The paper presents LSP‑DETR, a new end‑to‑end framework for nuclei instance segmentation in gigapixel Whole‑Slide Images (WSIs). By marrying a lightweight transformer with a star‑convex polygon representation, the authors achieve fast, scalable segmentation without the patch‑wise processing and heavy post‑processing that have limited previous methods.

Key Contributions

  • Linear‑complexity transformer that can ingest much larger image patches than conventional DETR‑style models, keeping compute roughly constant.
  • Star‑convex polygon encoding of each nucleus, enabling a compact yet expressive shape description.
  • Radial distance loss that naturally separates overlapping nuclei, eliminating the need for explicit overlap annotations or handcrafted post‑processing steps.
  • Fully end‑to‑end training (no separate detection → segmentation pipelines), simplifying deployment.
  • State‑of‑the‑art speed/accuracy trade‑off: >5× faster than the next‑fastest method while matching or surpassing segmentation quality on benchmark datasets (PanNuke, MoNuSeg).

Methodology

  1. Input handling – Instead of slicing WSIs into tiny patches, LSP‑DETR processes relatively large crops (e.g., 1024 × 1024 px) using a transformer encoder whose attention is approximated with linear‑complexity kernels (e.g., Performer or Linformer). This keeps memory usage low even for high‑resolution inputs.

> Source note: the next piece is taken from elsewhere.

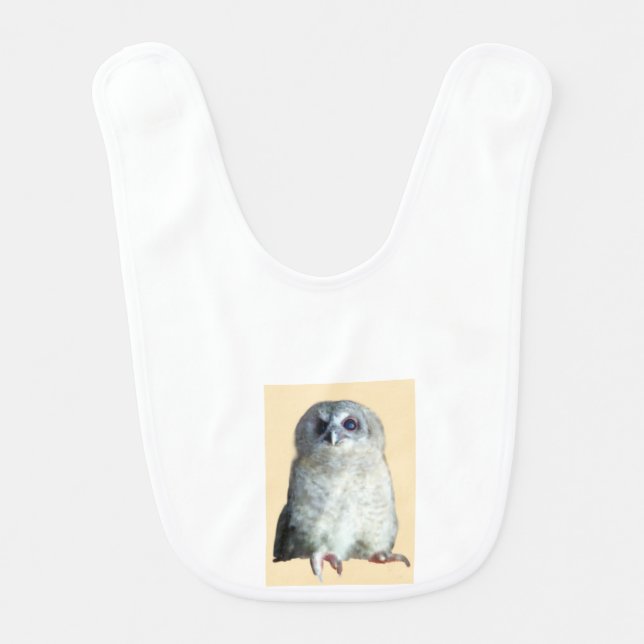 Tawny owlet pattern baby goods bib (Front)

  2. Object representation – Each nucleus is modeled as a star‑convex polygon defined by a set of radial distances from a central point to the polygon vertices. This representation captures irregular nuclear shapes with far fewer parameters than a full mask.

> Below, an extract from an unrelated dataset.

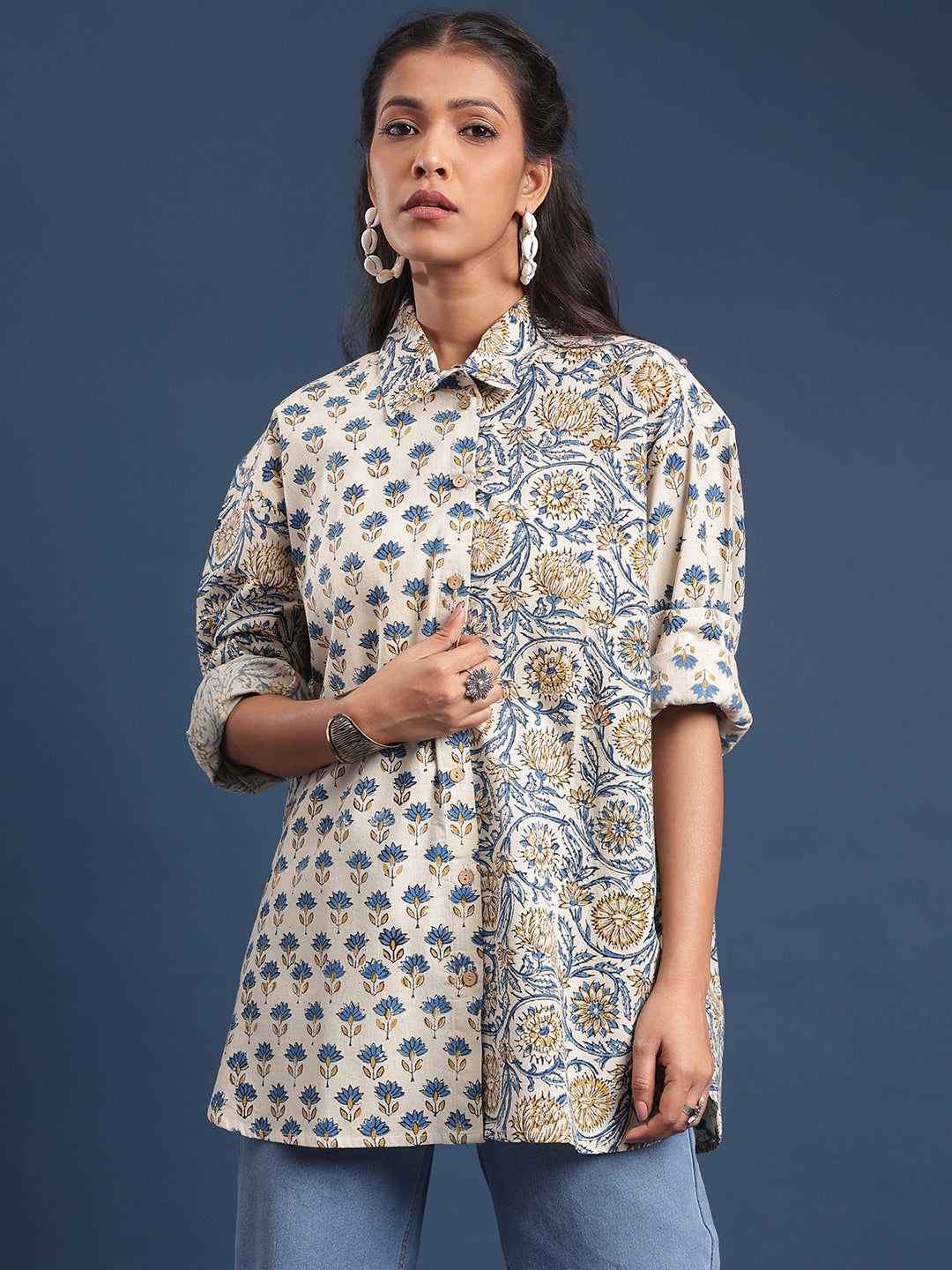 Women Block printed Piyu Oversized shirt marigold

  3. Prediction head – The transformer decoder outputs a fixed‑size set of queries. For each query, the network predicts:

    • a confidence score,
    • the centroid coordinates, and
    • a vector of radial distances (one per predefined angle).
  4. Loss function – The radial distance loss combines an L1 term on the predicted radii with a novel overlap‑aware term that penalizes inconsistent ordering of radii for neighboring nuclei. Because the loss is defined per‑radius, the model learns to shrink overlapping regions without any explicit overlap masks.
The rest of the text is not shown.